泰三は朝7時、ベッドサイドテーブルに置いていた牛乳瓶の底のような眼鏡を掛けるとダブダブな白衣に着替え、眠気を払いながら医師当直室から病棟へ向かった。朝食前に受け持ち患者の状態をチェックすることから研修医の1日が始まる。今朝未明、夜勤看護師から電話で起こされて診た60歳代の男性患者の元へまずは向かった。様態は安定していて、ほっとした。静注した薬剤が効を奏したようだった。受け持ち患者10名ほどの診察を簡単に済ますと食堂へ向かった。

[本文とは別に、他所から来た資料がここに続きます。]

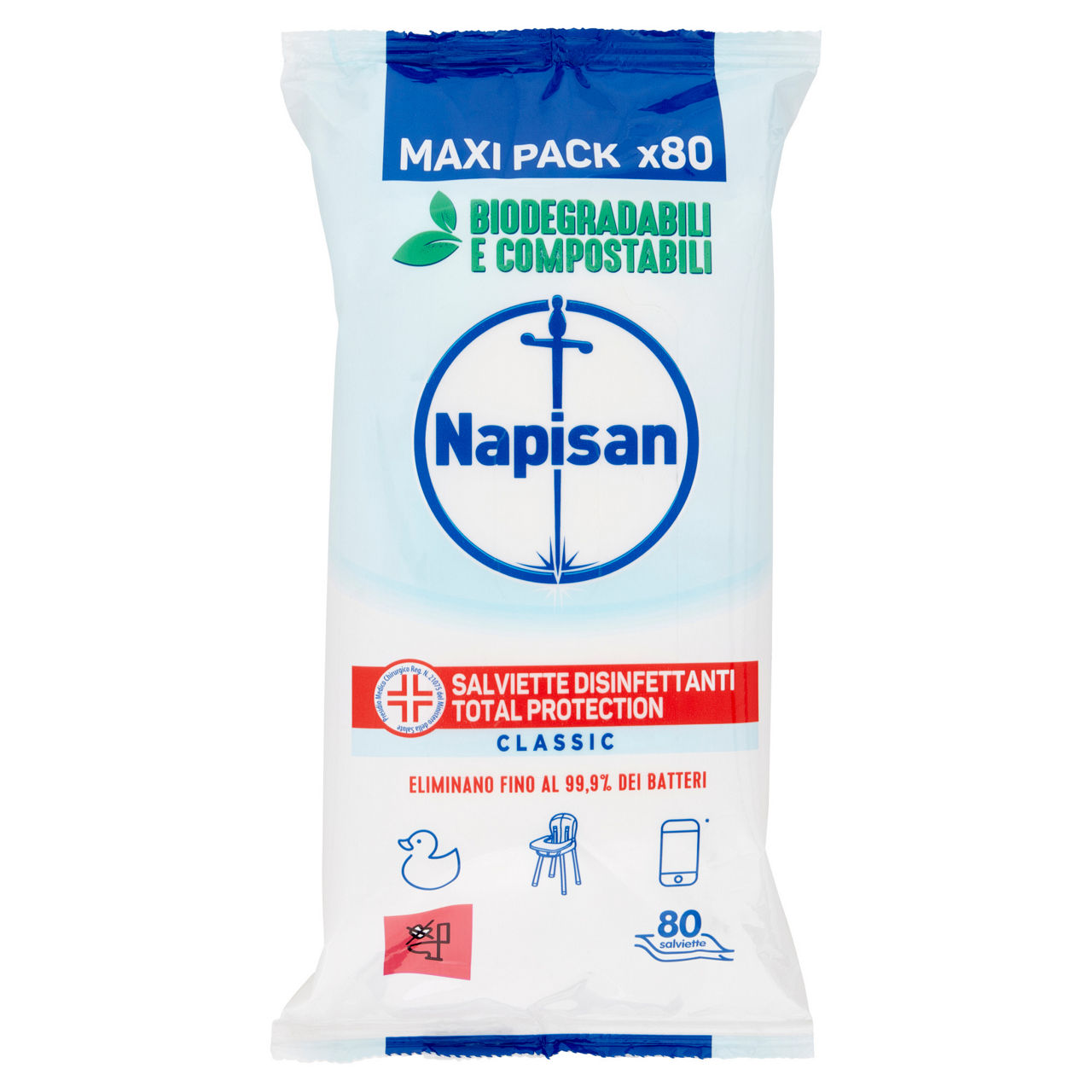 Salviette disinfettanti total protection classic biodegradabili 80 pz - Immagine 01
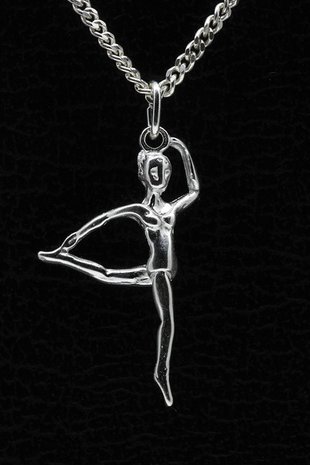 Zilveren Gymnaste ketting hanger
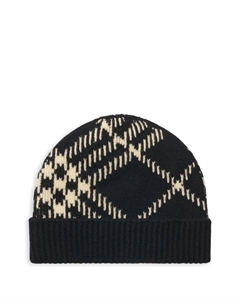 Кашемировая шапка бини в клетку, черный Burberry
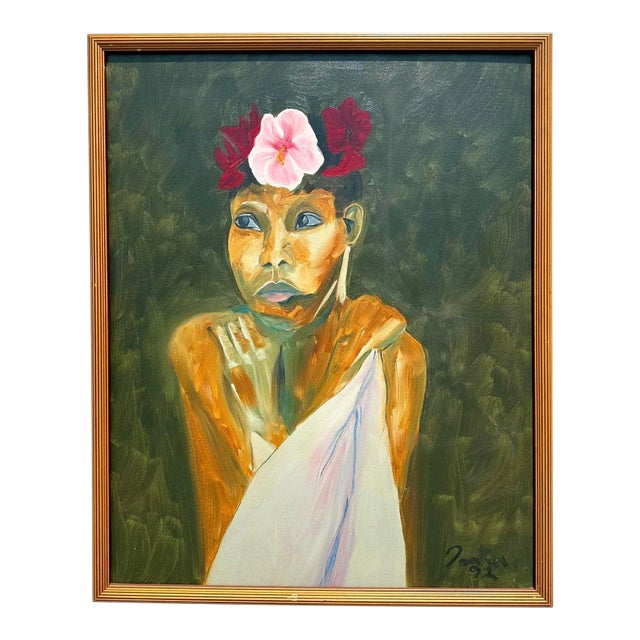 Vintage Boho Original Portrait Painting on Canvas For Sale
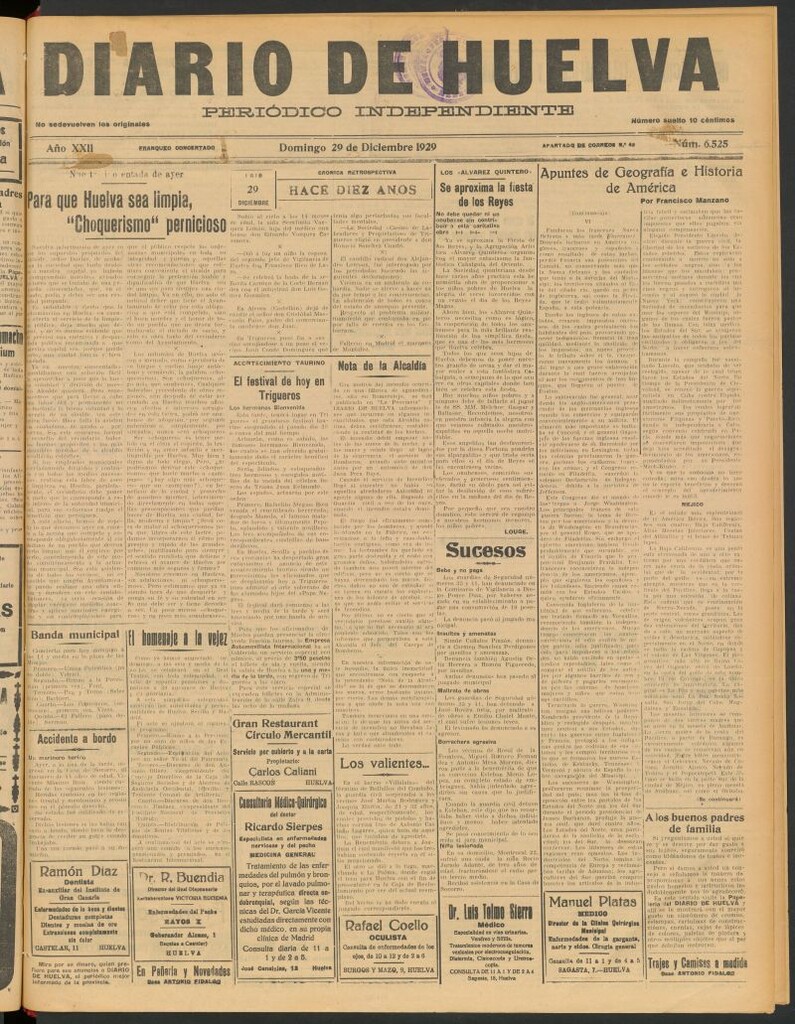 Miniatura de Diario de Huelva : periódico independiente del 29 de diciembre de 1929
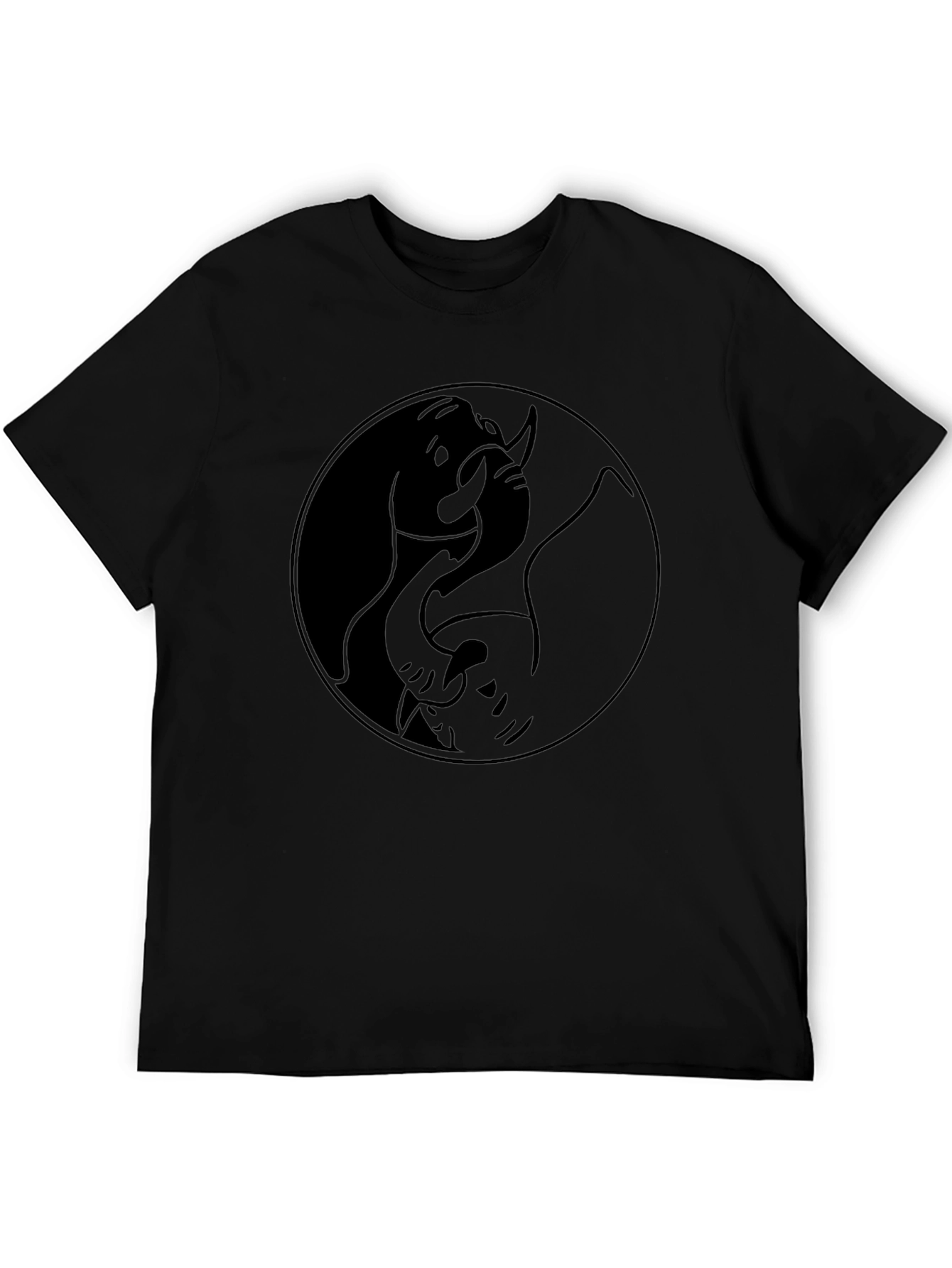 Black Yin Yang Elephant Graphic Tee - Stylish Black T-Shirt view 5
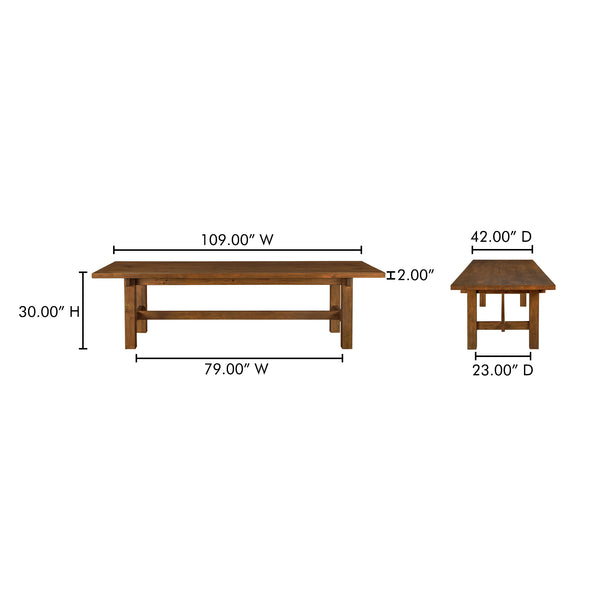 Moe's Home Mikoshi Dining Table - Solid Pine Craftsmanship With Unique Character, Perfect For Family Gatherings Brown Solid Pine Ew-1026-03-0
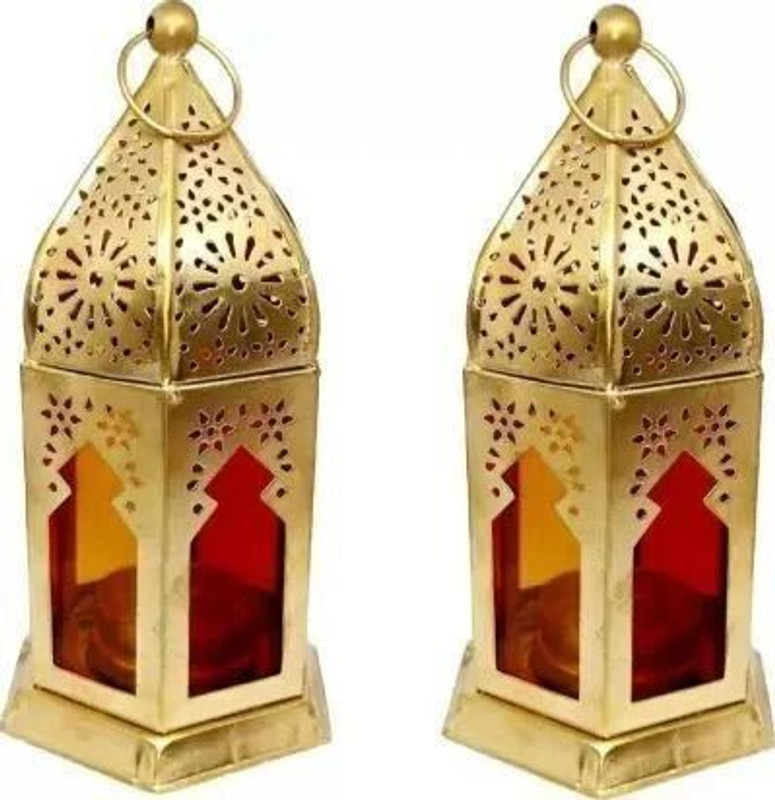 JNCRAFTS Birthday Gifts Metal Hanging Lantern/Lamp/Tealight Candle Holder Red, Blue Gold, Red Metal, Iron Hanging Lantern(15 cm X 10 cm, Pack of 2)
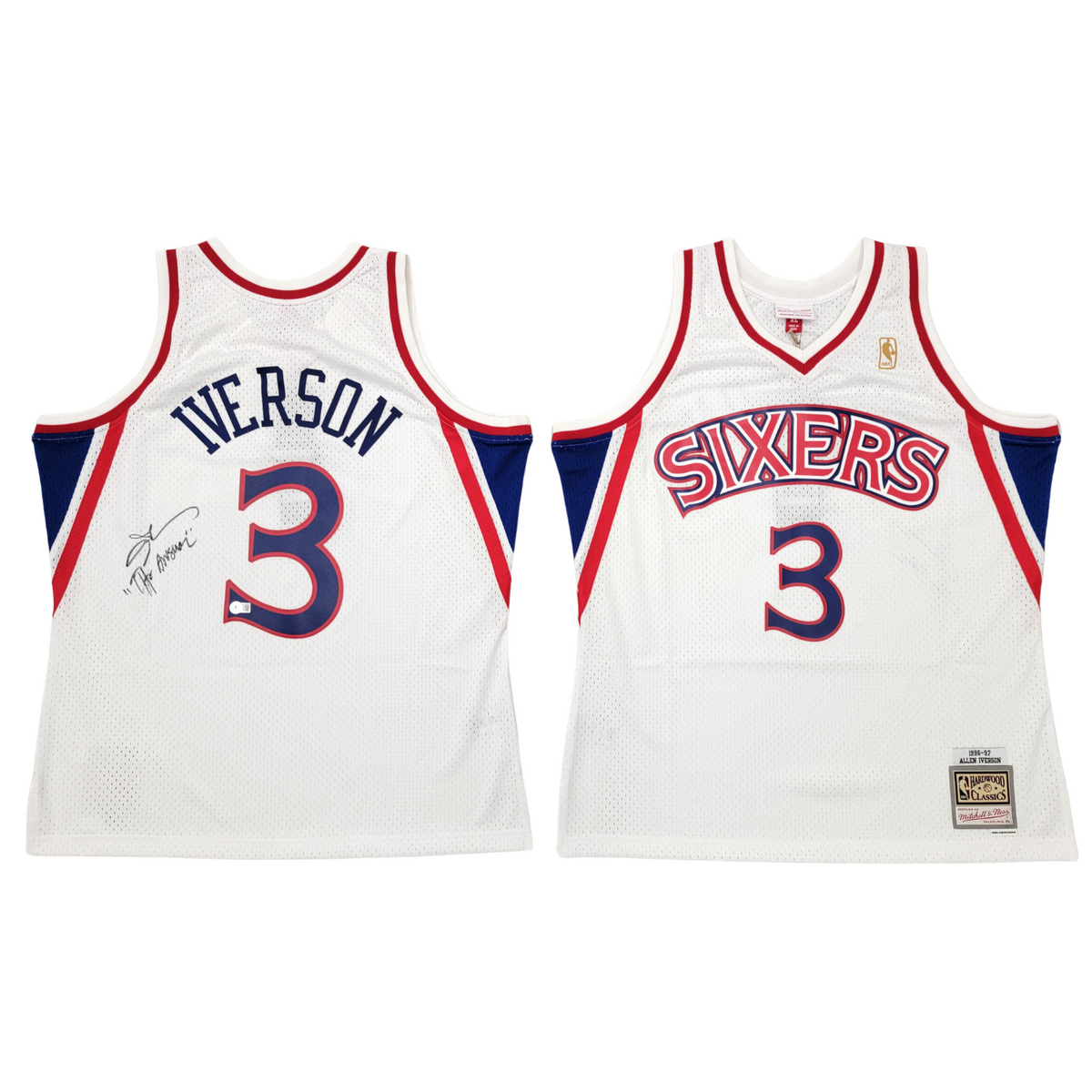 Allen Iverson Autographed Philadelphia 76ers Mitchell & Ness White 1996-97 Swingman Jersey W/ The Answer Beckett Witnessed #7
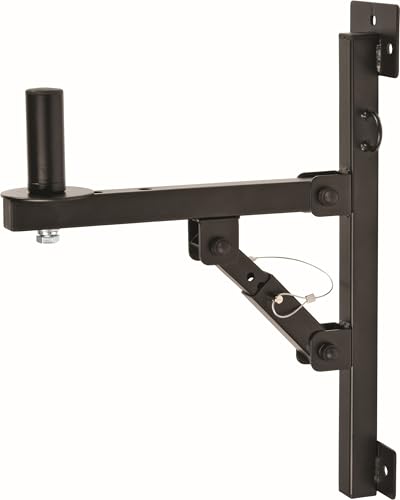 QUIK LOK - SB781 Heavy-Duty Wall Mount Speaker Brackets - Pair of Professional Steel Studio Monitor and PA Stands with 35mm Insert, Adjustable Depth 9.6 to 13.2 Inches, 88 lbs Capacity, Black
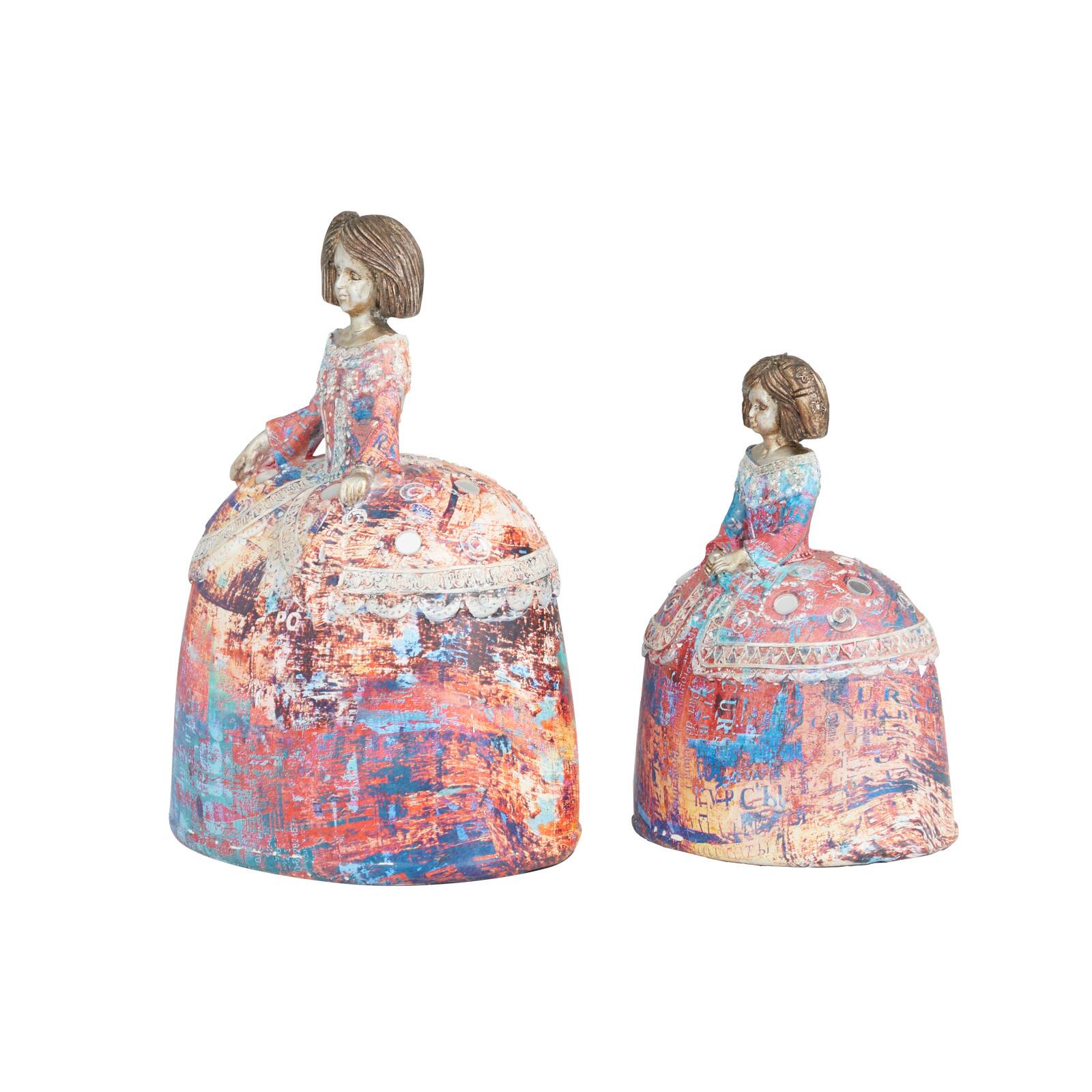 Set of 2 Multi Polystone Tuscan Sculptures, 6" x 7" x 5"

「佐藤、どうしたのですか。随分眠そうな顔しているではないですか」
髪をきれいに梳かし、白いジャケット風の白衣を着た医学部で同級生だった田中が、小さな体の背を伸ばして、朝食のお盆をテーブルに置きながら話しかけてきた。小児科の研修医をしているが、昨年アメリカの大学病院研修留学から帰国したばかりだった。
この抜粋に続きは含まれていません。